33 thoughts on “No, the polar vortex is not coming to devour Texas, but winter is probably not yet over”

  1. Hey, Houston weather always has a dip in temps just before the Rodeo, for the trail riders, so may get cool. How cool varies from year to year.

  2. But I love obviously misinterpreting data regarding something totally outside my field and posting it everywhere on social media…..ooops.

    I did like the polar vortex we had in July a few years back – – even more so since I was on vacation in Ohio where it dipped into the upper 40s at night…. slept with the hotel window cracked open. Hey, let’s fill out a requisition for one in August, OK?

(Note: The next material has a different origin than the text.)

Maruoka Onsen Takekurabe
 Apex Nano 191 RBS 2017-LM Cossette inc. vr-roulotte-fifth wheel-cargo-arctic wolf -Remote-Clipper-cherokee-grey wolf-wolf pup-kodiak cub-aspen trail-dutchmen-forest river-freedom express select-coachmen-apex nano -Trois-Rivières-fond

    • Two years ago? Here? In July? Why do I not remember anything at all about this? Heat warped brain, maybe?

  3. It seemed like the GEM had the January cold snap pretty close early on. Way to go eh? Regardless…excellent explanation on PV/SSW/AO and the complexity and their roles. I’m guilty as charged for sometimes jumping the gun…especially on cold air/Winter WX events.

  4. I thought that I was going to loose my peach yield AGAIN this year, but we dodged the freeze here in League City. My tree is in full bloom (thanks to the number of “cold hours”).
    I’m begging. PLEASE talk to the freeze gods and put it off for at least another 4-6 weeks. I’ll make y’all a peach blueberry gallette!
    Keep up the good work. You are my #1 source for local weather and emergency events.

  5. All I know, is that typically, mid February, we’ll have another freeze. I’ve noticed this for well over 55 years now. There may have been one or two times that it didn’t happen, but for the majority of the years, it has.

  6. Awesome explanation, thank you! Safe to say we may have another freeze…keep an eye on your plants.

  7. This is why we usually never start up our new vegetable garden until mid March, because there is always that chance for a late season freeze even in March. Just 2 years ago we had our last freeze on March 13th, 2022. That is fairly uncommon but not unheard of. 5 out of the past 14 years we have had a freeze in March in our region.

  8. Very well written and described, but it seems that the climate change aspect was left out (i.e. generally understood to be the reason why the vortex has become less stable). I’m not an expert, but I do follow this type of information fairly closely. I know there’s concern about “blowback” from those that see climate change from a political standpoint, but its my hope that respected meteorologists like yourself take the opportunity to explain climate change when an opportunity arises. I know you and Eric have touched on the subject before – I just saw this as another potential teaching moment. Signed, a Space City Admirer

    • Hi Roger: I’ve actually discussed this with climate scientists and there is not a consensus on the vortex becoming more unstable due to climate change. We try to stick to more firm, well agreed principles like heat and increasing rainfall. We certainly wouldn’t shy away from it. We get blowback for sure, but we both are extremely supportive of mainstream climate science. But in this specific instance (a modest late winter cold snap), it’s simply not really that relevant. We try to pick our battles! You’ll certainly be seeing more on that down the road. Thanks for your support!

  9. With all of the billions poured into the fancy radars these days, I firmly believe meteorology was more correct back when AL Roker and Willard Scott simply placed Velcro sun and clouds on the cardboard map…
    Meteorology: “The only job you can be wrong 98% of the time, and still get a fat paycheck”. !

  10. The winter vortex comes up in conversation nope just another let’s focus on the most bombastic predictions always. Sad and an untruthful.